Hal itulah yang mungkin luput dari perhatian manajemen Jiwasraya. Faktor risiko yang besar sepertinya dikesampingkan karena manajemen terlalu antusias memburu keuntungan besar di pasar saham.
Hasilnya tentu sudah bisa ditebak. Saham-saham yang dibeli Jiwasraya terjun bebas. Saham sugih yang diborong di harga Rp 470 sekarang masuk "klub gocap" (-88%), saham trio yang dikoleksi di harga Rp 2.000 kini amblas ke harga Rp 426 (-78%), dan saham lcgp yang diraup di harga Rp 620 saat ini "terkapar" di harga Rp 114 (-81%)!
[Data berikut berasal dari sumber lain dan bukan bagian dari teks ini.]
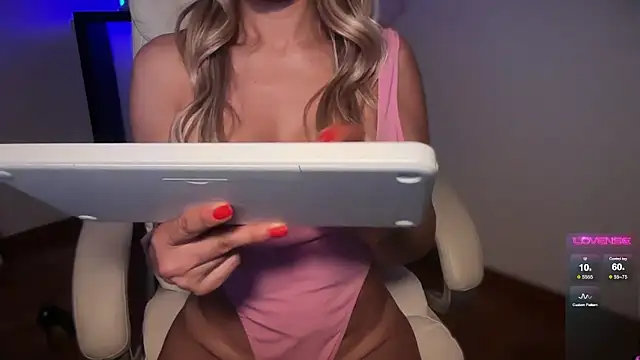 fedebarbie webcam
Sampai sekarang, belum ada kabar apakah saham-saham tadi akan dijual atau terus ditahan. Ini menjadi dilema tersendiri. Kalau mesti dilepas untuk menutupi utang, sudah pasti, Jiwasraya akan kehilangan uang yang sangat banyak, sementara jika terus disimpan, dengan capital loss sedalam itu, sepertinya akan sulit harganya bisa terangkat dalam waktu dekat!
Sebuah Pelajaran
Kasus yang membelit Jiwasraya bisa memberi pelajaran yang berharga baik kepada nasabah maupun manajemen. Bagi nasabah, kejelian dan ketelitian dalam membeli produk investasi jelas perlu dilakukan.
Kebiasaan "asal pilih investasi" atau "hanya ikut-ikutan teman" mesti ditinggalkan agar perjalanan investasi yang dilakukan mempunyai akhir cerita yang indah.
Oleh sebab itu, sebelum membuat sebuah keputusan investasi, kita mesti menyelidiki rekam jejak manajemennya terlebih dulu. Jangan sampai ada "catatan negatif" yang ditemukan karena hal itu akan membahayakan keamanan investasi kita.